The condition of the patient is actually pancreatitis. The lipase is also slightly elevated which is more specific for pancreatitis and amylase which can be released by other cells as well.
The most common cause of pancreatitis is gallstone pancreatitis but this guy has a history of pretty heavy drinking. The second most common cause of pancreatitis is related to alcohol.
It’s not clear though exactly how they’re related but most chronic alcoholics do not end up with chronic alcoholic pancreatitis. But there may also be other risk factors to be considered here.
One of the mechanisms is the hyperactivation of the pancreatic stellate cells. These cells that get activated by alcohol as well as by acetaldehyde. They regulate the deposition and the degradation of the pancreatic extracellular matrix protein. They secrete the matrix proteins and metalloproteinases that degrade the matrix proteins.
So they regulate all the extracellular matrix proteins in the pancreas. Whenever they’re overactivated by phenol and acetaldehyde, the metabolite of ethanol, the matrix becomes fibrotic. That’s one of the mechanisms of chronic pancreatitis.
Another interesting thing is that the stellate cells also express ADH and whenever overactivated, it seems to perpetuate a cycle of autocrine reactivation. So it’s self-perpetuated.
Another mechanism of alcoholic pancreatitis is that the alcohol is metabolized by both oxidative and non-oxidative mechanisms. There are changes in acinar cells that increase the activation of intracellular digestive enzymes. Hence, there’s an autodigestive component.
There is a transient decrease in pancreatic blood flow that results from the action of ethanol. 10:17 There’s also an increase in ductal permeability related to alcohol use.
It then makes it possible for these improperly activated enzymes to leak out of the duct into the surrounding tissue which just adds to the inflammation and fibrosis.
Any of those mechanisms could be asked on the USMLE.
[11:00] Understanding the Other Answer Choices
It’s not completely known what causes pancreatitis. After an obstruction, there’s an increase in pancreatic pressure. Studies showed that the flow of biliary salts itself does not cause pancreatitis.

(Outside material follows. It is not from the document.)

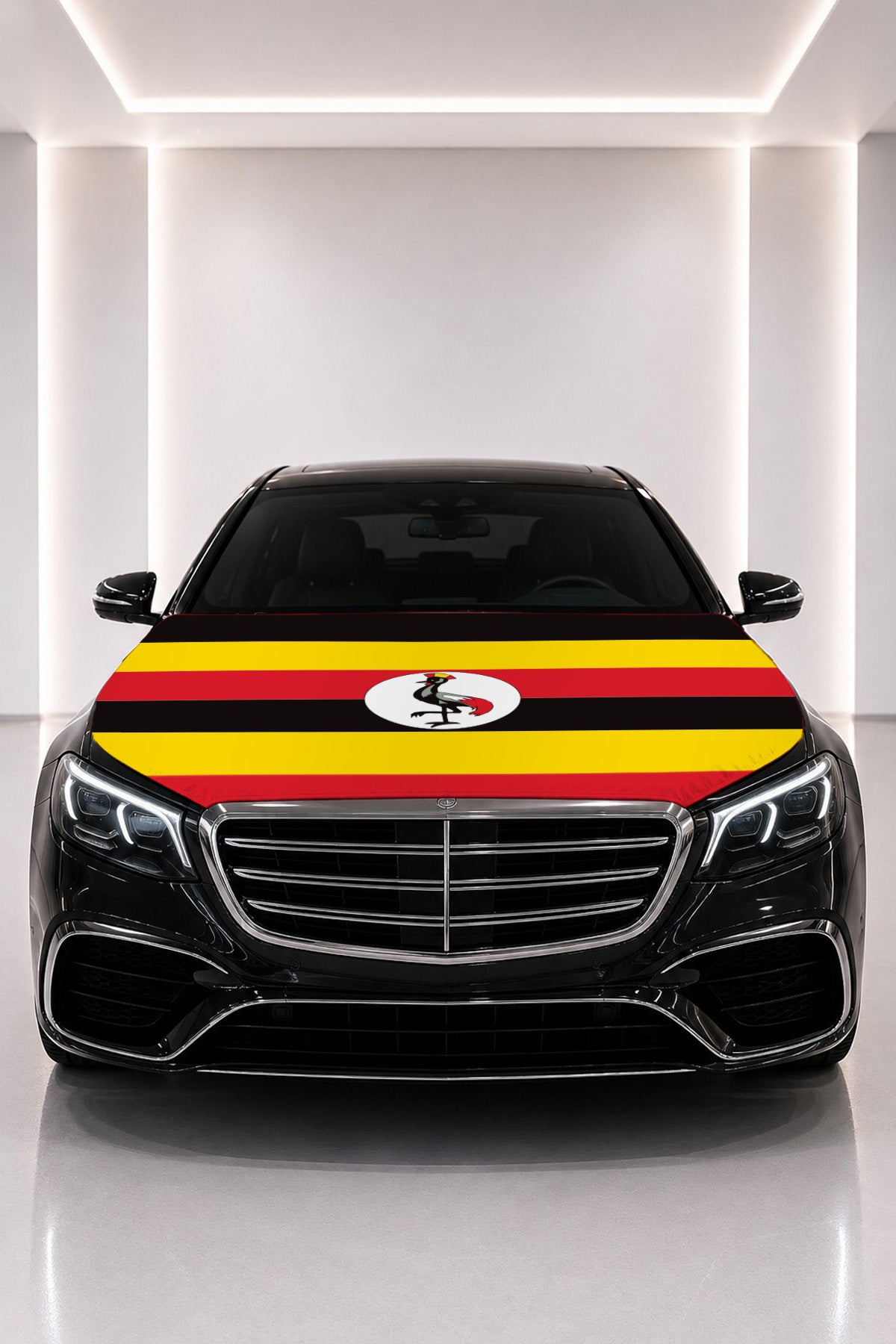 Uganda flag car hood cover fitted on a black car bonnet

This patient doesn’t have a previous history given the biliary colic. Bilirubin is relatively normal and patients with a stone obstruction usually have a direct hyperbilirubinemia.

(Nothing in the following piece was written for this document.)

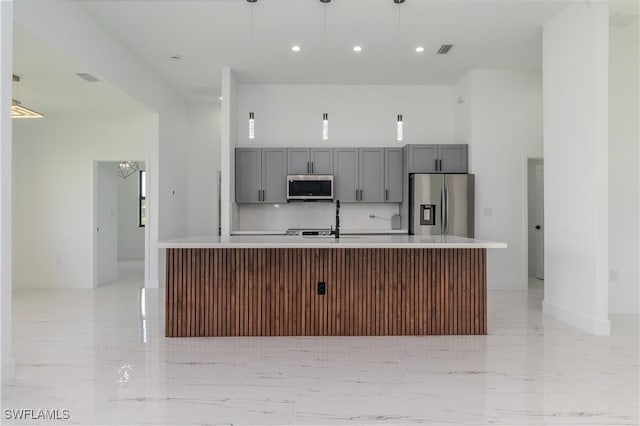 1144 Monday St, Labelle, FL 33935 - kitchen with stainless steel appliances, gray cabinetry, light countertops, a center island with sink, and recessed lighting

The viral infection mumps and Kawasaki virus have been implicated in some sporadic cases of pancreatitis. But this is unusual and this patient doesn’t have a history of it.'Usually, the USMLE questions will give you the information you need. They're not going to give you confusing information.'Click To Tweet
Intraductal stone formation is what causes pancreatitis in patients who have hypercalcemia due to hyperparathyroidism or some other conditions. They usually have additional features mentioned in the history that are associated with hypercalcemia. These may include constipation or kidney “stones, bones, groans, and moans.”
Finally, fatty acid deposition with ensuing inflammation is the mechanism of pancreatitis in patients who have familial hyperlipidemia. They have those really high triglycerides. They would usually have other features mentioned like xanthelasma or early atherosclerosis or family history.